Les policiers pendant l’occupation : collabos ou résistants ? Un aperçu de cette problématique complexe et douloureuse nous est fourni par le parcours du commissaire toulousain Jean Phillipe, fusillé par les nazis le 1er avril 1944, un de ces hommes qui, à défaut de pouvoir empêcher le fonctionnement des structures de la collaboration, a sauvé l’honneur de la police.  

Jean Phillipe, commissaire de police et résistant, fusillé le 1er avril  1944
Portrait du commissaire Jean Phillipe

L’engagement dans la Résistance

 Né le 14 novembre 1905 à Lyon de Jean Phillipe (un musicien) et Louise Cornut (lingère), Jean Phillipe[1] part faire son service militaire en Afrique du Nord. Il quitte l’armée en 1936 avec le grade de sous-lieutenant et l’année suivante devient commissaire de police. Il est marié avec Jeanne Bouillane, et le couple adopte une petite fille. En 1940, il est en poste à Lourdes : fort probablement, dans cette ville paisible, une grande partie de son activité se cantonne aux opérations mortuaires… Par la suite, il est nommé commissaire du 7e arrondissement de Toulouse et demeure au 22 rue Leyde qui, depuis, a été rebaptisée en son honneur « rue du Commissaire Philippe ».

Dès 1940, Phillipe adhère à la Résistance, intégrant un réseau belge Sabot animé par l’officier de réserve de l’armée belge Pierre Bourriez (1906-1964). À noter qu’à l’époque la Belgique dispose d’un consulat situé à Toulouse, au 20 rue des Arts. Ce réseau agit essentiellement dans les territoires non-occupés et se spécialise dans le renseignement et les évasions vers l’Espagne.

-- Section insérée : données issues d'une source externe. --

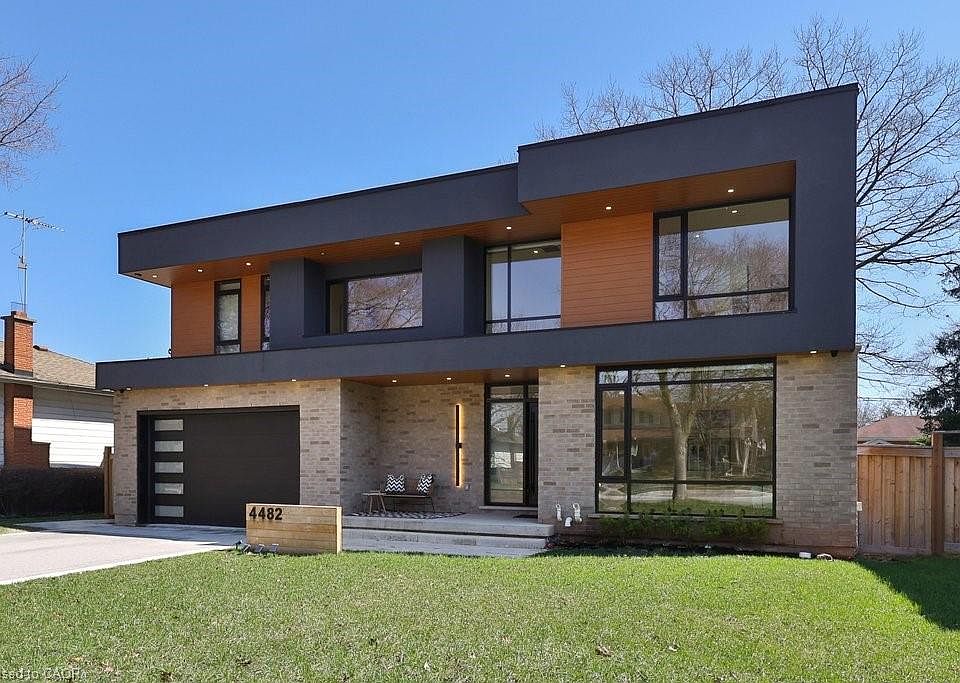 1st image of 4482 Cosburn Cres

Alliance : un réseau de militaires et de fonctionnaires

En 1941, Phillipe s’engage dans le réseau Alliance. Ce réseau, un des plus actifs de la Résistance, comptera jusqu’à 3 000 membres. Il ne dépend pas de la France Libre, mais de l’Intelligence Service britannique, et a été fondé par le commandant de l’armée de terre Georges Loustaunau-Lacau (1894-1955). Dans les années 1930, cet officier de carrière avait été un proche de Charles Maurras et du colonel de La Roque, et il avait créé au sein de l’armée le réseau anti-communiste Corvignolles, ce qui lui avait valu d’être placé en position de non-activité en mars 1938 par le gouvernement Daladier qui le considérait comme un « officier d’aventure ». Pour ses activités de résistant, Loustaunau-Lacau est arrêté en 1941 puis déporté au camp de concentration de Mathausen, où il parvient à survivre.[2] Après son arrestation, la direction du réseau Alliance est assurée par une autre personnalité hors pair, Madame Marie-Madeleine Fourcade, alias Hérisson (1909/1989). Une grande partie des membres de ce réseau appartient à la fonction publique et plus particulièrement à l’armée ; ils prennent souvent comme alias des noms d’animaux, c’est pourquoi la Gestapo a pour habitude de l’appeler l’« Arche de Noé », appellation qui sera reprise par Marie-Madeleine Fourcade pour intituler ses mémoires.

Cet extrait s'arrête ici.